The “seeing” must change: do not expect the Self to appear like a new sensory thing. It is recognized by its difference — immobility, self-presence, non-obstructed illumination.

The practice is not mere theory: it is an experiential training — withdraw the senses, steady the mind, abide as witness.
8 — Short list of canonical scriptural pointers (Transliterated + meaning)

(Useful for study references; these are the Upanishadic/Gītā lines that echo the teaching)

1. Tat tvam asi. — “That Thou Art.” (Chāndogya Upaniṣad)


2. Aham brahmāsmi. — “I am Brahman.” (Bṛhadāraṇyaka / other Upanishads)


3. Satyam jñānam anantam brahma. — “Brahman is truth, knowledge, infinite.” (Taittiriya)


4. Neti neti. — “Not this, not this.” (A method—negation—used repeatedly in many Upanishads.)


5. na jāyate mriyate vā kadācin — “The Self is never born, nor does it ever die.” (Bhagavad Gītā 2.20)


6. kṣetrajña-kṣetra vivekah — Inquiry into the field and knower of the field (BG 13 — distinction between the body/field and the knower).
9 — A few clear metaphors & mnemonics from the class (to help the student)

Car & driver: The body/mind are the car and driver; the Self is the unmoving one who allows the car to function.

Mirror & reflections: The phenomena are reflections; the Self is the mirror’s capacity—present everywhere, but not a reflection.

Silk cloth analogy (mind as a silk cloth): You pull the cloth back from every object (name & form) to reveal the cloth’s substratum; likewise pull sense-attention back to reveal the witness.
10 — Short daily practice routine (10–30 minutes)

1. 5 minutes: settle, observe breath — do not control, just notice (pratyāhāra in seed).


2. 10 minutes: Self-inquiry — repeatedly ask: “Who is aware now?” Whenever a thought arises, return to the awareness that notices the thought. (Nididhyāsana)


3. 5–10 minutes: rest as witness in the heart-locus; watch sensations, do not identify.

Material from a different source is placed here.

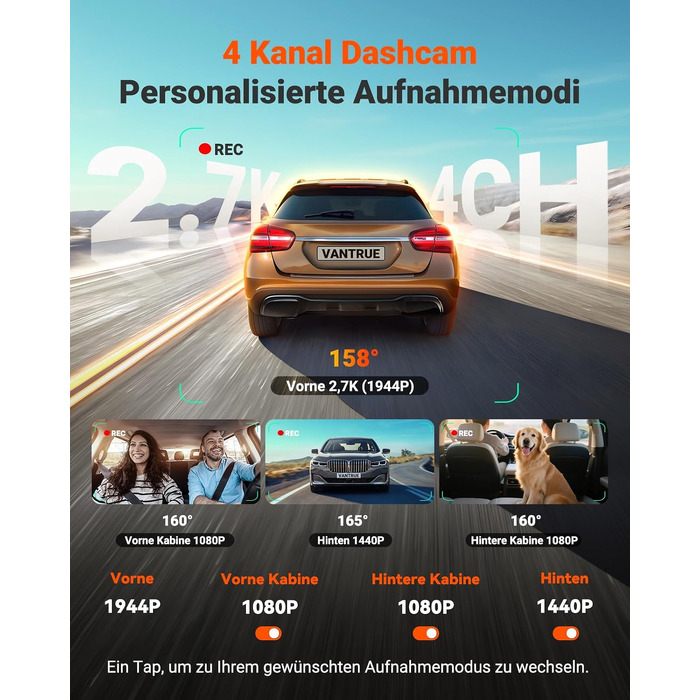 Автомобільний відеореєстратор VANTRUE N5S з сенсором STARVIS 2, 3-канальна зйомка 2.7K+1080P*2+1440P (передній, внутрішній, задній камери)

4. Short journaling: note shifts: did the mind withdraw? How present did the witness feel?
11 — How to read the Yājñavalkya dialogue now (study tips)

Don’t try to translate the teacher’s refusal to “show” into hostility. It’s pedagogical: the teacher forces the student to turn inward—only then does the Self disclose itself.

When the text speaks of “not being able to show the sky/ātman,” remember: the sky/ātman is recognized by its everywhere-presence and changelessness, not by looking at a part of it.

Read Śaṅkara’s bhāṣya commentary on Brihadāraṇyaka for the classical Advaita exposition (especially on the witness doctrine, neti-neti, and māyā/avidyā).
12 — Closing summary (one-line essentials)

What the Guru wants you to see: You are not body, breath, mind, nor doer — you are the changeless witness (ātman).

How to realize it: Turn the instrument of attention inward; withdraw senses and thought; abide as the silent Witness using śravaṇa–manana–nididhyāsana and self-inquiry until the “I” that remains is known as Sat.